Форум » Предыстория » Смерть в Венеции. Приглашение. Октябрь 1624 года » Ответить

Смерть в Венеции. Приглашение. Октябрь 1624 года

Dramatis personae: Глава, где перо оказывается бессильно против шпаги.

Ответов - 31, стр: 1 2 All

Dramatis personae: День продолжился своим чередом. Вскоре за графом покинул дом и Росси. Вернулся около двух пополудни господин аббат, насладился неторопливой трапезой, переменил платье и после недолгой беседы с возвратившимся секретарем удалился по своим делам. Оставшись один, его подручный занял привычное место в кабинете, раскрыл извлеченную из тайника за книжным шкафом рукопись и, время от времени сверяясь с потрепанными страницами, принялся зашифровывать два исписанных мелким почерком листка, врученных ему господином. Когда, наконец, он со вздохом распрямил уставшую спину, высек огонь и сжег на свечке оригинал, за окном начали сгущаться сумерки.

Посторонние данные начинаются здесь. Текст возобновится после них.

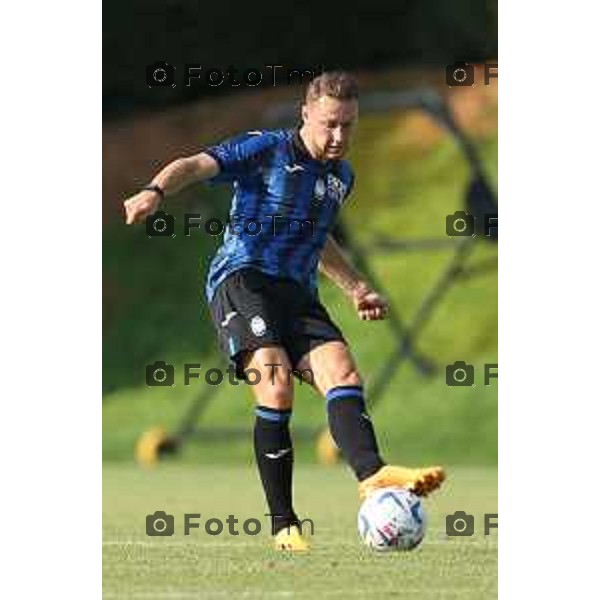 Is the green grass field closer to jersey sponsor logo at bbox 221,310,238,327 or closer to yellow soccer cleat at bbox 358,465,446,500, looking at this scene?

Рошфор: Рошфор возвратился в палаццо Дзери, ненадолго опередив серую мглу, которая после заката, казалось, начала подниматься от холодной и темной воды каналов. Граф кратко справился у Беппо о своем спутнике и будто бы не удивился отрицательному ответу, еще более лаконичному, чем вопрос. – Господин аббат? Виноватое пожатие плеч и удрученное покачивание кудлатой головы. – Сеньор Росси? На сей раз утвердительный кивок и вопросительный взгляд, обращенный к лестнице на второй этаж. – Не сразу, – усмехнулся граф, и хмурость, омрачавшая его лицо после прогулки на холодном ветру, немного развеялась. Бросив Беппо мелкую монету, Рошфор направился к себе.

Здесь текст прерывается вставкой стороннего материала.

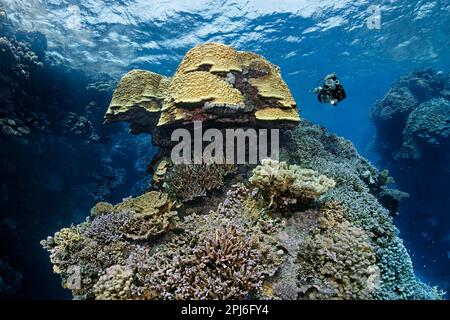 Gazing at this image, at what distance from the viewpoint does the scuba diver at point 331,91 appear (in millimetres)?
4762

Dramatis personae: Проводив его незаинтересованным взглядом, лакей вернулся к своим обычным обязанностям, но ненадолго – четвертью часа позже по первому этажу разнесся стук дверного молотка. Несколько минут спустя в дверь кабинета поскреблись. Росси, просматривавший результаты своих усилий, поднял на миг голову, глянул на задвинутый засов и не ответил. После краткой задержки шаги удалились в сторону лестницы на третий этаж, а затем, чего секретарь уже не мог ни слышать, ни видеть, Беппо постучался в отведенную французам комнату. – Ваша милость, – нерешительно позвал он. – Там пришел какой-то… к сеньору де Ронэ.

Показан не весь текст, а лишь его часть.